As the Supreme Court arguments on Obamacare unfold, it is becoming clear that the government's principal justification for the law's constitutionality rests on its characterization of the nature of the healthcare market.
According to the government, the "market" is unique because, at some point in the life of nearly every person, he will need to participate in this "market" in order to procure healthcare services for himself. As such, the government contends, by requiring an individual to purchase health insurance, the government is effectively regulating the "market" in which, sooner or later, the individual will necessarily participate.
There are manifold flaws in this logic, but the core problem lies in the assumption the government makes about the ill-defined "market" it purports to regulate. Because most people pay for medical services via insurance, the government pre-supposes that the insurance-based model is an essential element of the "market"; that is, as a result of the very nature of this "market", one must pay for health services via a third-party insurance company or a fund of some kind.
This, of course, is not true. The present predominant means by which people pay for healthcare is the result, in the main, of longstanding government policies, including the favorable tax treatment accorded employer-provided coverage and the creation of quasi-insurance programs like Medicare and Medicaid.

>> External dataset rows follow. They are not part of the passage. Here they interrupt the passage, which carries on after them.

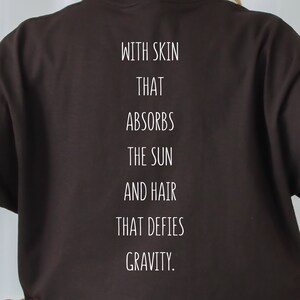 May include: Black t-shirt with white text that reads "With skin that absorbs the sun and hair that defies gravity."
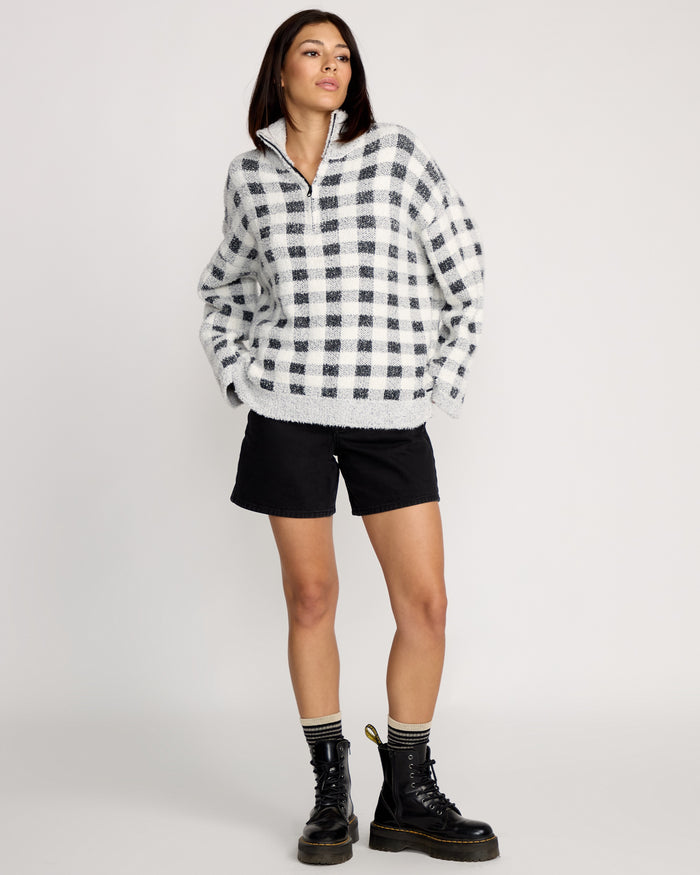 A woman stands against a plain background wearing the Volcom Women's Sugarstone Shag Sweater, black shorts, striped socks, and black lace-up boots. Her hands are in her pockets and she looks slightly to the side.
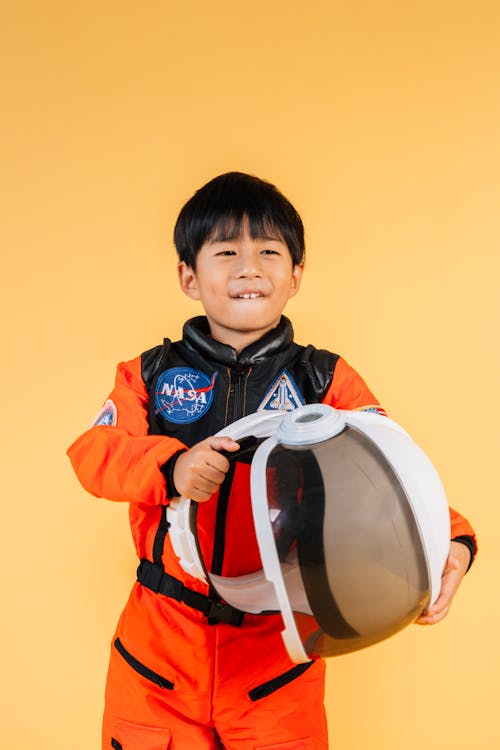 Cheerful Asian boy with astronaut helmet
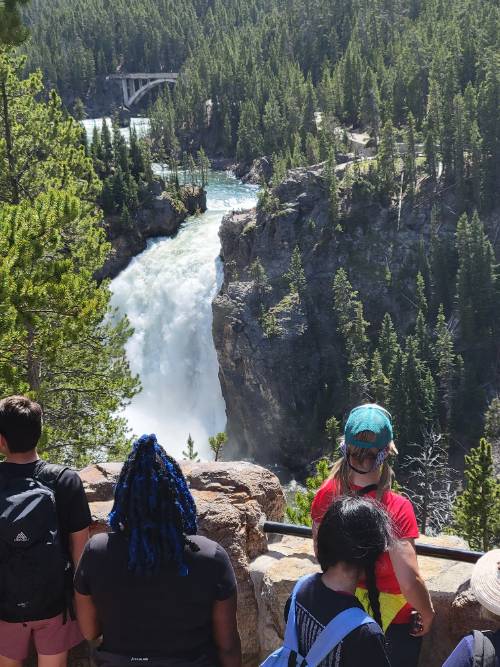 REU Students from 2021 cohort observing waterfall in yellowstone.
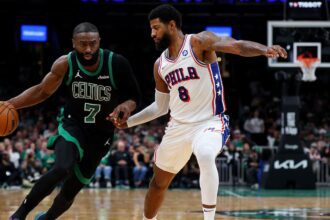 BOSTON, MASSACHUSETTS - APRIL 28: Paul George #8 of the Philadelphia 76ers defends Jaylen Brown #7 of the Boston Celtics during the second half of Game Five of the First Round of the NBA Eastern Conference Playoff at TD Garden on April 28, 2026 in Boston, Massachusetts. (Photo by Maddie Meyer/Getty Images)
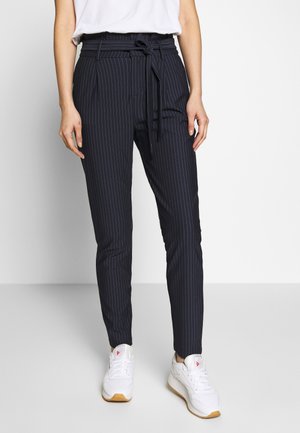 Vrouw in marineblauwe streepjes broek met paperbag taille en gestrikt riempje, gecombineerd met witte sneakers, tegen een effen achtergrond.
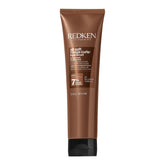 Redken All Soft Mega Hydramelt bottle pour showing easy application and deep hydration.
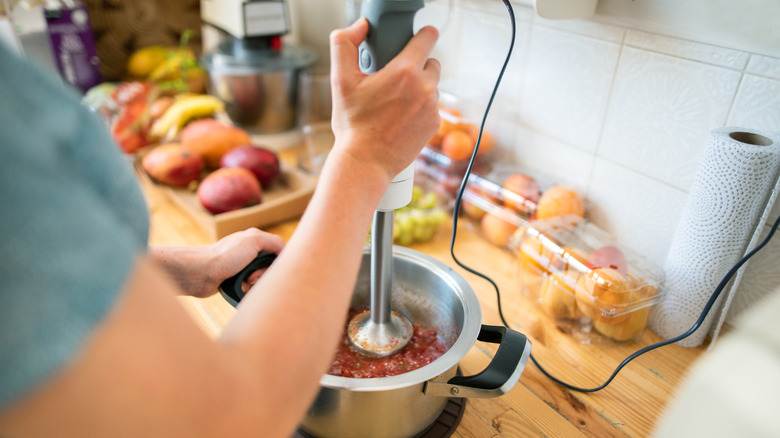 person using immersion blender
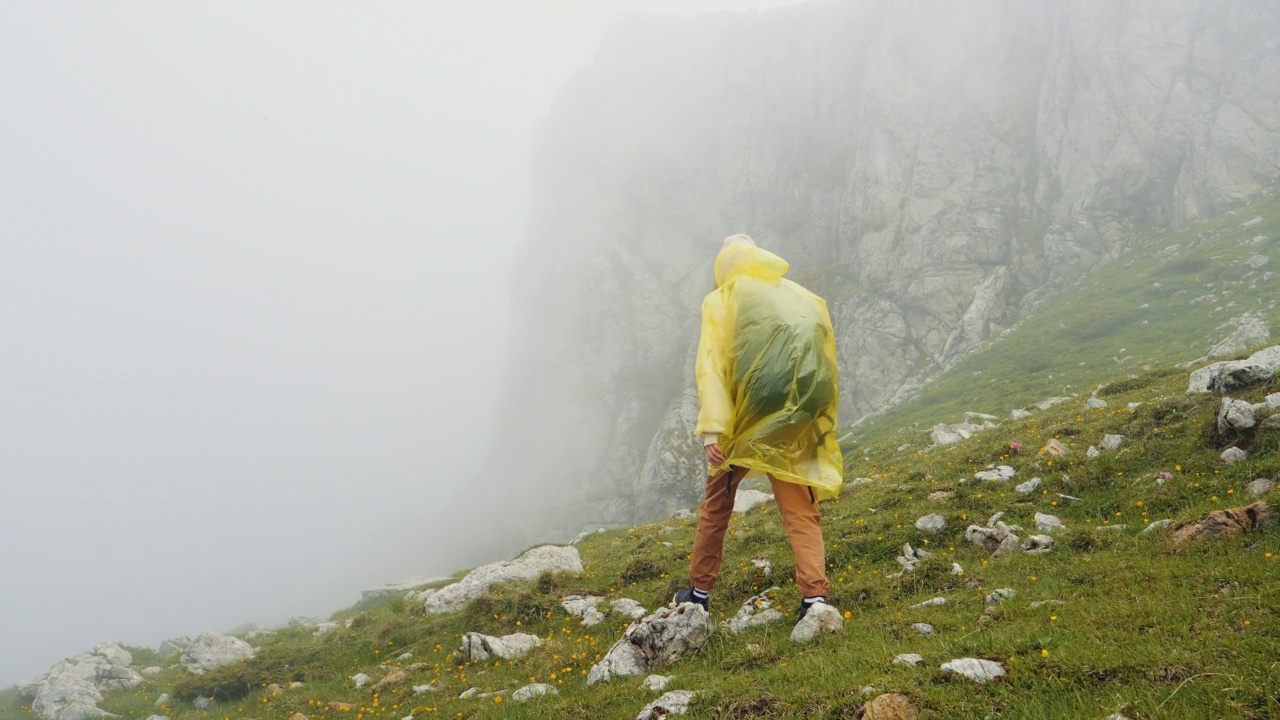 女人在多雨多雾的天气里爬山很困难视频素材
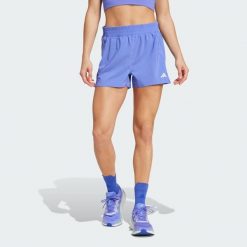 Szorty Own the Run. Niebieskie szorty sportowe damskie Adidas, xl, bez wzorów, z materiału, klasyczne, z standardowym stanem, do biegania. Za 179.25 zł.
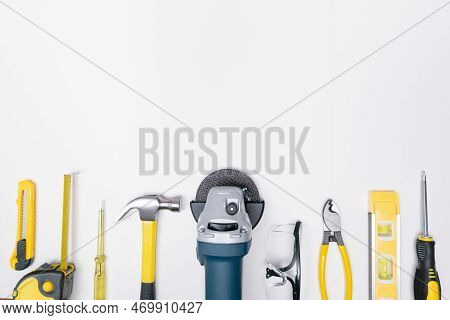 Top View Selective Focus Grinder And Construction Diy Tools On White Background.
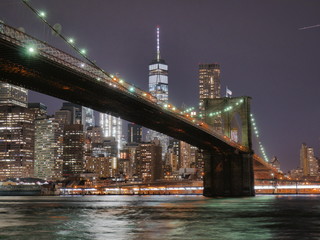 Fototapeta na wymiar Brooklyn bridge and lower Manhattan skyline at night view from DUMBO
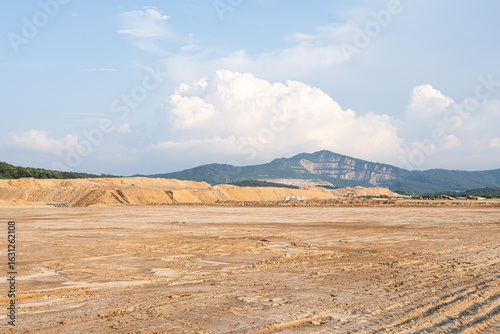 Expansive construction site with exposed earth and heavy machinery tracks. Surrounded by distant mountains, the scene captures early stages of land development and earthmoving operations.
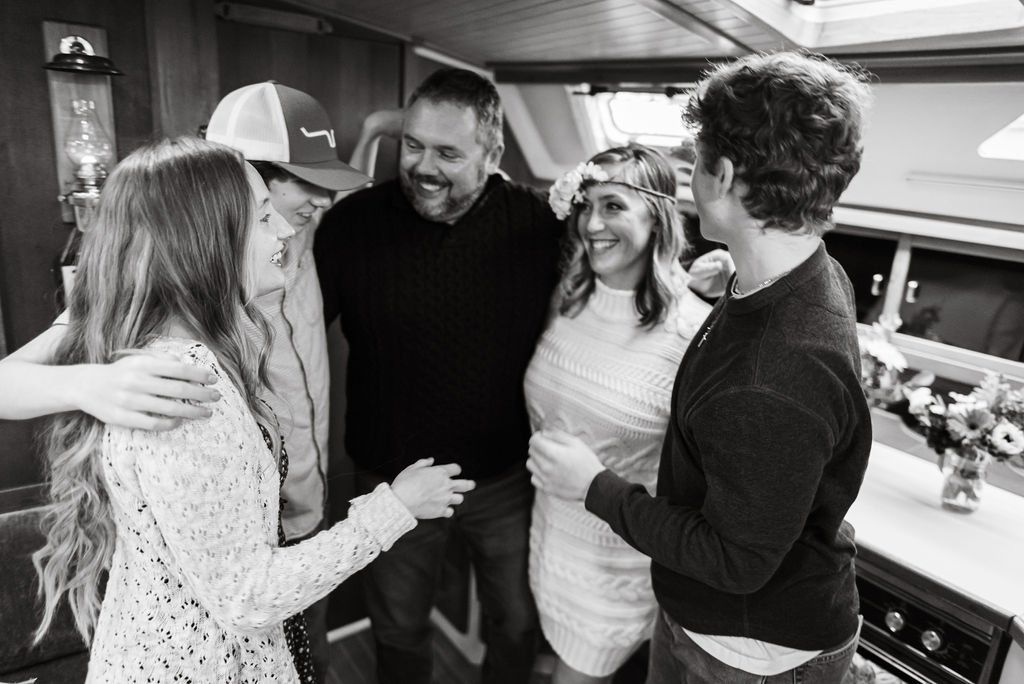 A family gathers at a wedding on a sailboat in Olympia, Washington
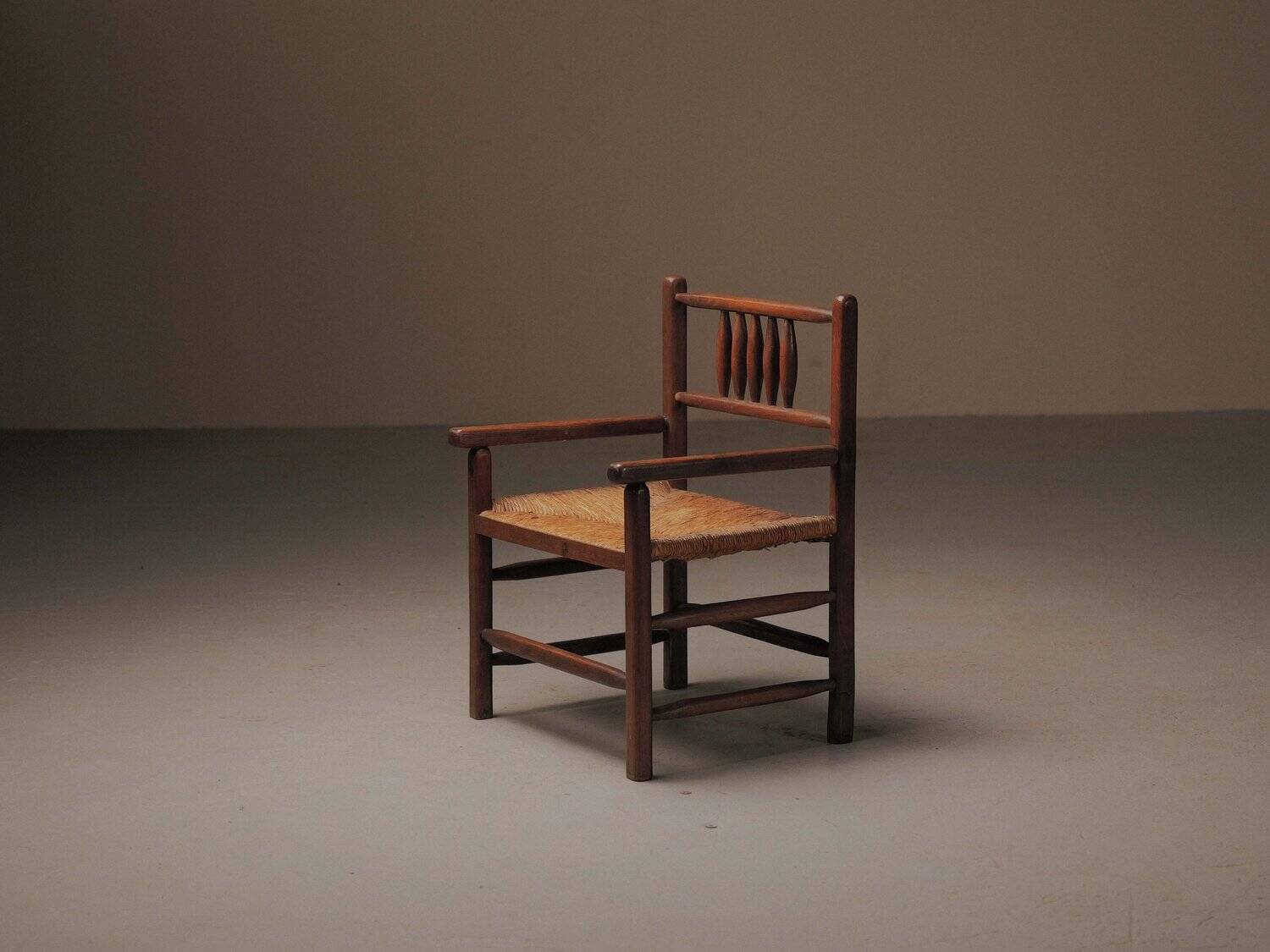 Wicker armchair in solid wood, handcrafted, France, around 1950.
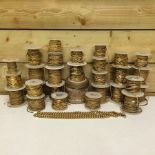 A collection of reels of decorative gilt jeweller's chains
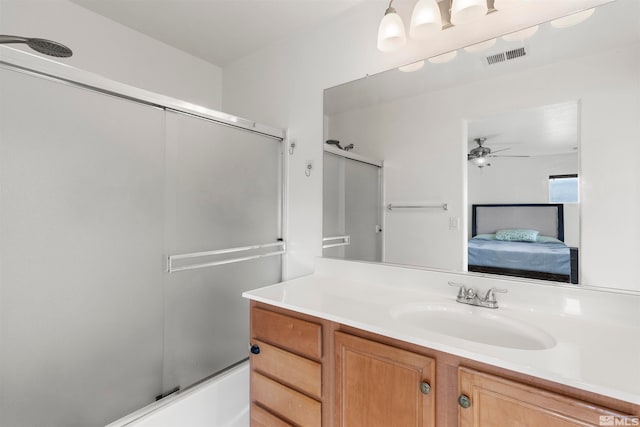 bathroom featuring ceiling fan, vanity, and enclosed tub / shower combo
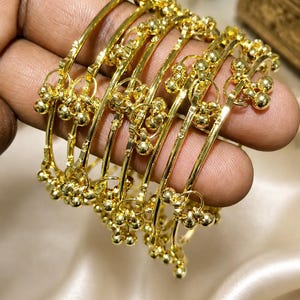 May include: A set of six gold-colored bangles, each adorned with small, spherical embellishments. The bangles are held in a hand, showcasing their intricate design and polished finish. The background is a soft, neutral color.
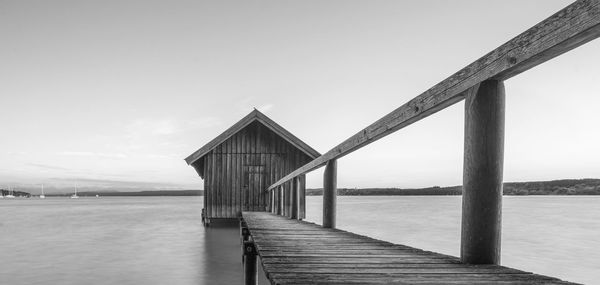 Pier over sea against sky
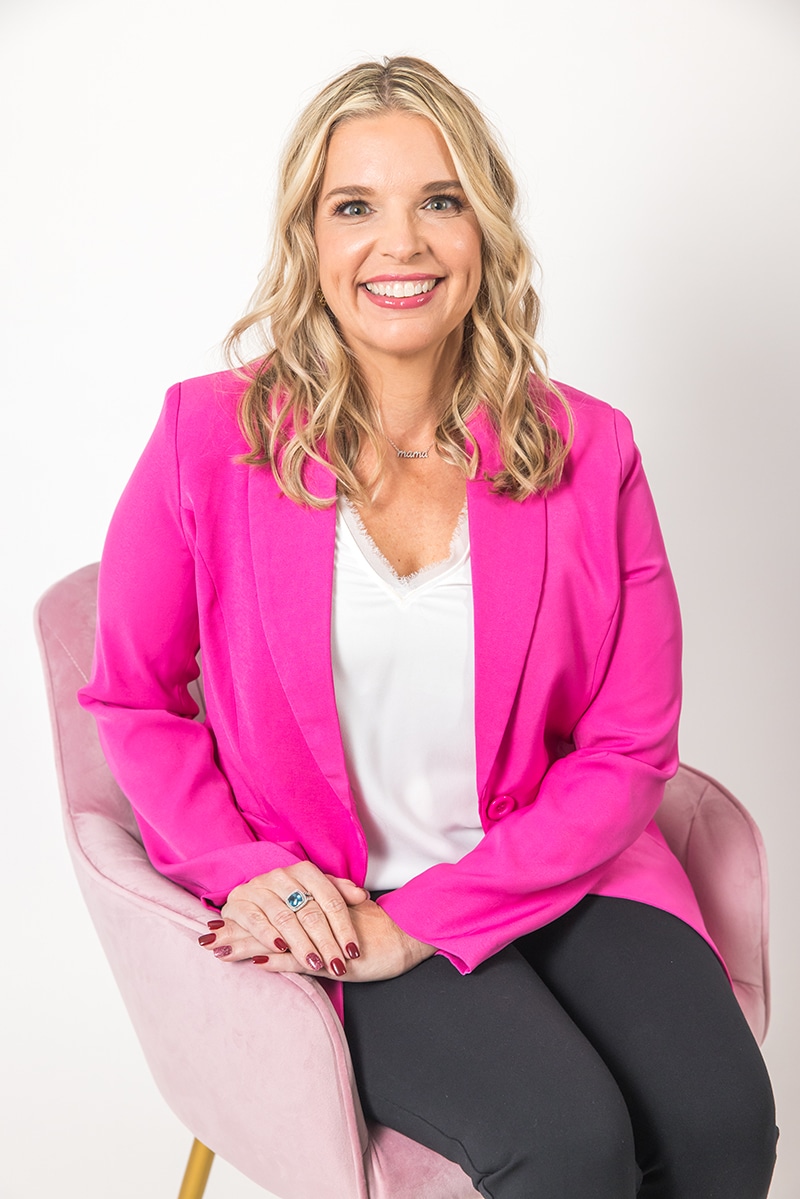 a woman in a pink shirt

Employer-based health insurance is an accident of War World II wage controls under which the government prohibited employers from openly competing for scare labor by offering higher pay, but allowed employers to attract labor with the unrestricted ability to provide health insurance and other "fringe benefits."
The government-caused market distortion persisted after the war, leading to the modern system whereby people expect the insurance companies basically to pay their medical bills. By and large, people began to assume that health insurance was inextricably tied to employment and that coverage could only be obtained through their employers. Always eager to help, state governments across the country made it harder for individuals to purchase policies on their own by requiring that all health insurance policies cover an ever-expanding array of services, driving costs sky-high.
But the present system is not the only possible system, and certainly not the most efficient. We could, for example, pay for medical services the same way we generally pay for food, shelter and clothing--out-of-pocket, from our own funds. People could shop around for a doctor's services, just as they tend to ask a lawyer his fees before retaining his representation. If the law permitted individuals and insurance companies to freely negotiate their insurance contracts, individuals could craft policies to suit their needs and economic circumstances.
In short, the "market" is unique only in so far as the government has regulated it into uniqueness. If we tended to pay for our medical services as we tend to pay for most other services, it would seem absurd to assume that an individual must have insurance in order to partake in the market. The Obamacare mandate would seem insane, just as it would appear insane to mandate that all person purchase "food insurance" because, at some point, we will all purchase food.
The fact that the government has already regulated the "market" into an inefficient one dominated by third-party payers does not provide a constitutional basis on which to force a person to enter into a private contract.